More than 30 years later, that avocation became a commitment to Father Peter West of the national pro-life organization, Priests for Life, as Powell “joyfully promised” to “defend the weakest among these” as a lay associate of the Missionaries of the Gospel of Life. The promise ceremony occurred Oct. 27 before friends and family gathered at St. James the Apostle Church in McDonough where Father West came to speak.
Powell began her journey to become a lay associate more than a year ago when she met James Pinto, a pastoral associate for Priests for Life, at the Eucharistic Congress in Atlanta. She now joins 1,000 lay associates across the nation committed to praying and witnessing for the unborn. As a lay associate, she will be praying, studying and giving witness to others as a pro-life advocate, something she has done for many years, she says. But she’ll have more support.
“It’s knowing that there is a community of others who are praying for the unborn that gives me strength,” said Powell. “You can do this on your own, but when you realize that there are other people who are saying the same prayers every day, even if you’re praying in your home by yourself, you have this feeling of community.”
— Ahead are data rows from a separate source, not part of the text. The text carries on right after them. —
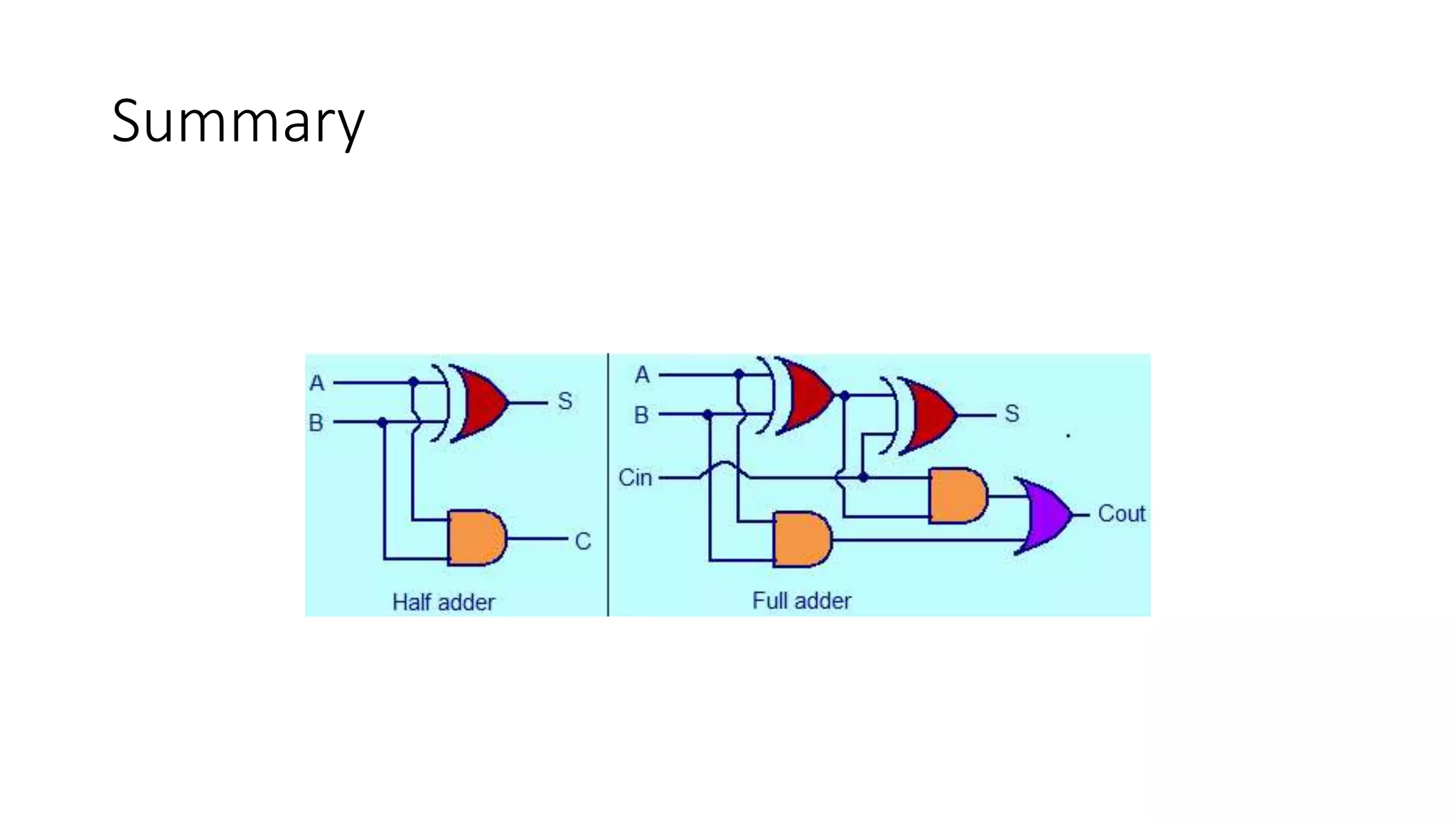 Adder & subtractor (Half adder, Full adder, Half subtractor, Full ...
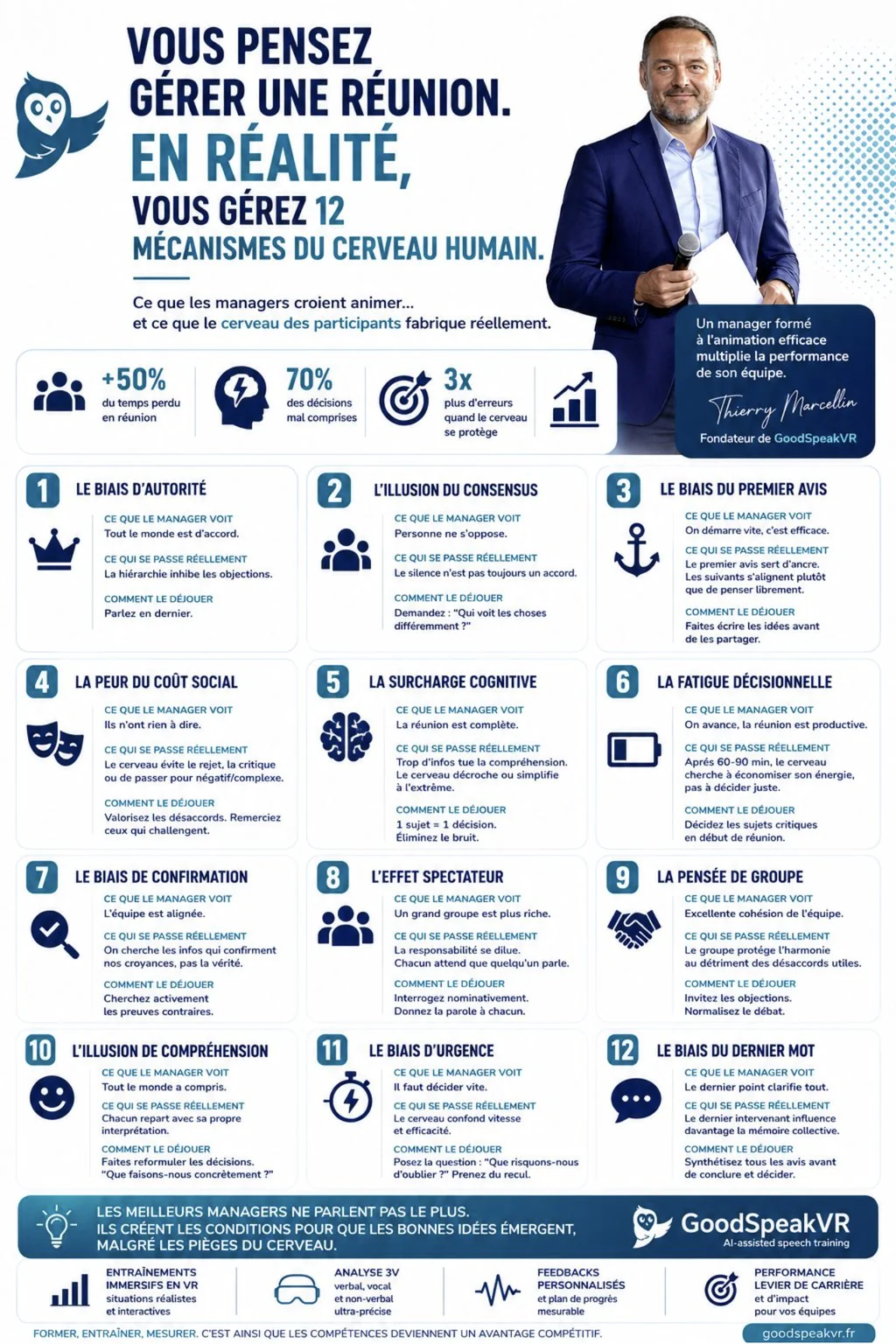 Ce que le cerveau des participants fabrique en réunion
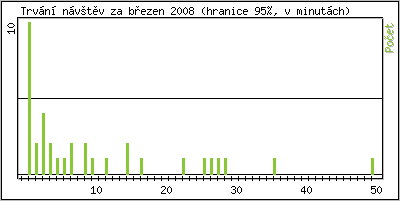 Statistika po hodinch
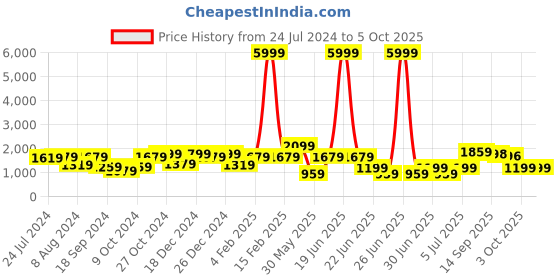 myntra.com a.t.u.n. A T U N Girls Lime Green Angrakha Kurta with Trousers & With Dupatta a.t.u.n. Price History Graph from 24 Jul 2024 to 5 Oct 2025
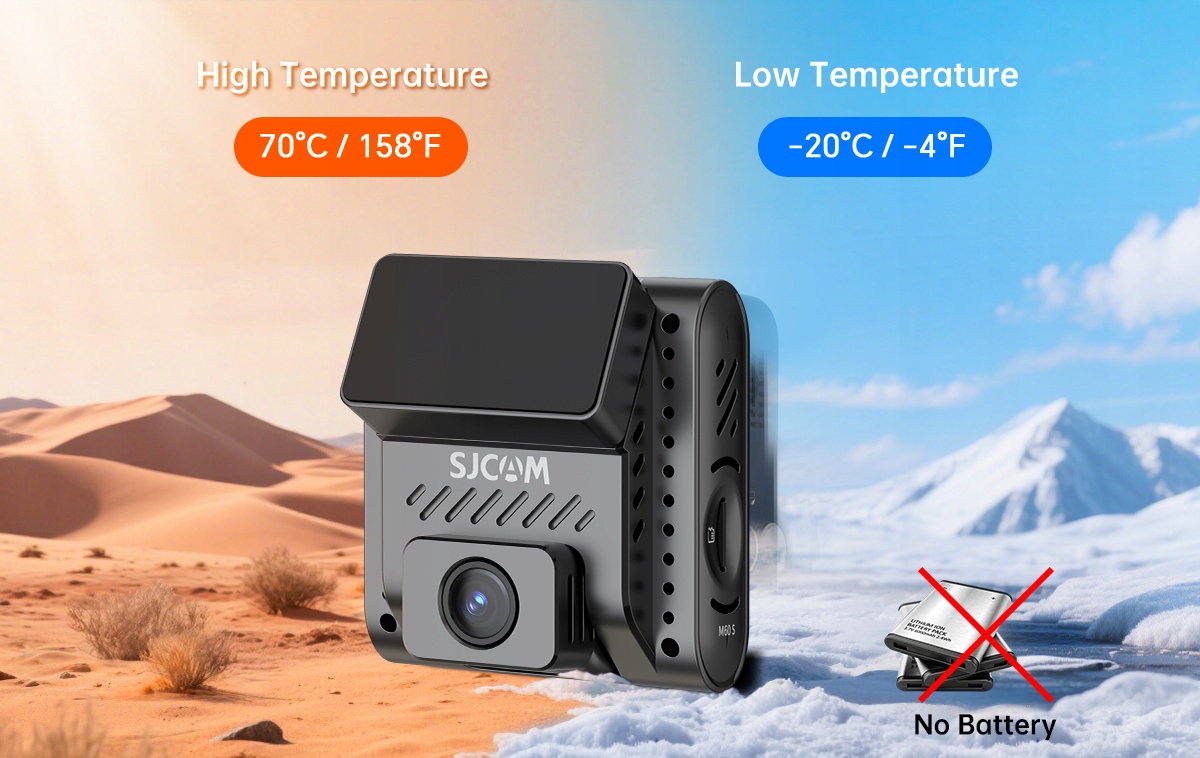 Kamera wewnętrzna – Monitorowanie wnętrza pojazdu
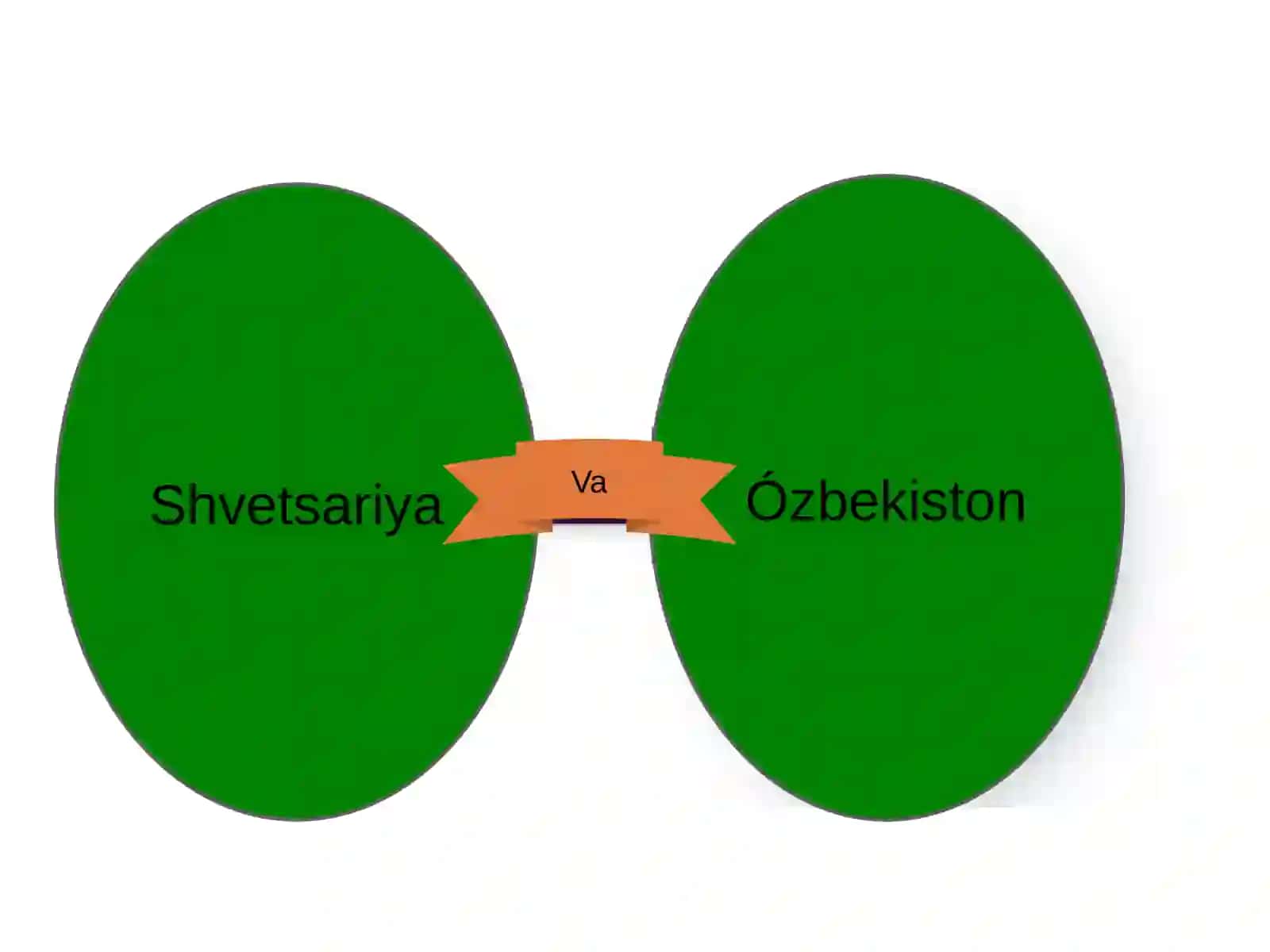 Shvetsariyada yashil iqtisodiyot 2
The lay associates follow a handbook of prayers and a study guide written by Father Frank Pavone, pro-life leader and founder of Priests for Life. Father Pavone has established the Missionaries of the Gospel of Life as a Society of Apostolic Life for priests and lay associates.
Powell’s awakening about abortion came with her third pregnancy, she said.
“It was 1975, and I was pregnant with my third daughter, and I was not well; my husband at the time didn’t tell me to have an abortion, but he was intimating it,” she said. “And we were like a lot of young couples, and we were struggling.”
Powell didn’t have an abortion, but the idea that other couples in similar circumstances could even be considering an abortion galvanized her. She became active in the local post-abortion healing and treatment program in Ohio.
“I realized this was much more than just a Supreme Court decision; abortion was going to touch my life in some way. It was becoming (an issue) for people who you wouldn’t ordinarily think would talk about it. They were using it as a possible (birth control) option.”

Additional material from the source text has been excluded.